Privatized Walter Reed Workforce Gets Scrutiny
Army Facility Lost Dozens Of Maintenance Workers
By Steve Vogel and Renae Merle
Washington Post Staff Writers
Saturday, March 10, 2007; Page A03
The scandal over treatment of outpatients at Walter Reed Army Medical Center has focused attention on the Army's decision to privatize the facilities support workforce at the hospital, a move commanders say left the building maintenance staff undermanned.
Some Democratic lawmakers have questioned the decision to hire IAP Worldwide Services, a contractor with connections to the Bush administration and to KBR, a Halliburton subsidiary...
I am sure the whole story is more complicated, but it sure does look bad for the proponents of the "privatization is always better" gang.
It also looks bad for the Cheney-Halliburton-KBR gang. Some patriots they turn out to be. Support the troops. Rah rah.








Comments
Yours is the first publication I've seen that names the culprits of Walter Reed.
Contractors are taking over governmental functions, and already control most of what our governments do, and they are, by and large, criminal syndicates, deeply in need of draconian prison sentences.
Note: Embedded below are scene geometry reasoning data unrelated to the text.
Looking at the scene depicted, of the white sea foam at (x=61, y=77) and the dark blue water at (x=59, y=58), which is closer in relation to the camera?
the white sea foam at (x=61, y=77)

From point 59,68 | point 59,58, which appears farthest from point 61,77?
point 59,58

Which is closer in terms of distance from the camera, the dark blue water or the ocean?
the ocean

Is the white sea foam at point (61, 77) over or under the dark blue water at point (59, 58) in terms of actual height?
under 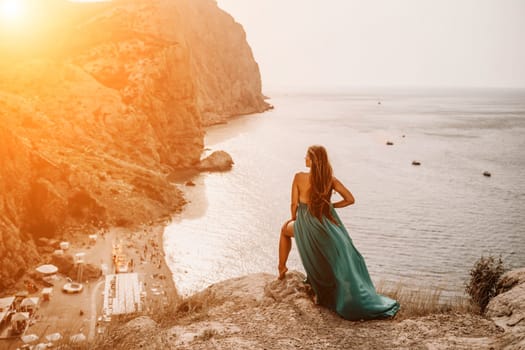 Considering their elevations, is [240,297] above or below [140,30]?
below

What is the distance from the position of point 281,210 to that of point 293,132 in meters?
75.2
Posted by: Roy | March 10, 2007 10:17 AM
Well, one thing to remember about Walter Reed is that they intended to close it, only they made that decision (stupidly in the middle of a war) with no actual plans for where current wounded should go and where the continual influx of wounded would go as they arrived weekly from the interim hospitals in Germany.
So maintenance dropped like a rock 'cause nobody was supposed to be there.
That ALL of these decisions were wrong is more important, though I agree that using cronyism to pretend to maintain the upkeep of the facility while at the same time not giving them a budget capable of achieving the intention (gee, another trend?) is certainly also worth exposing.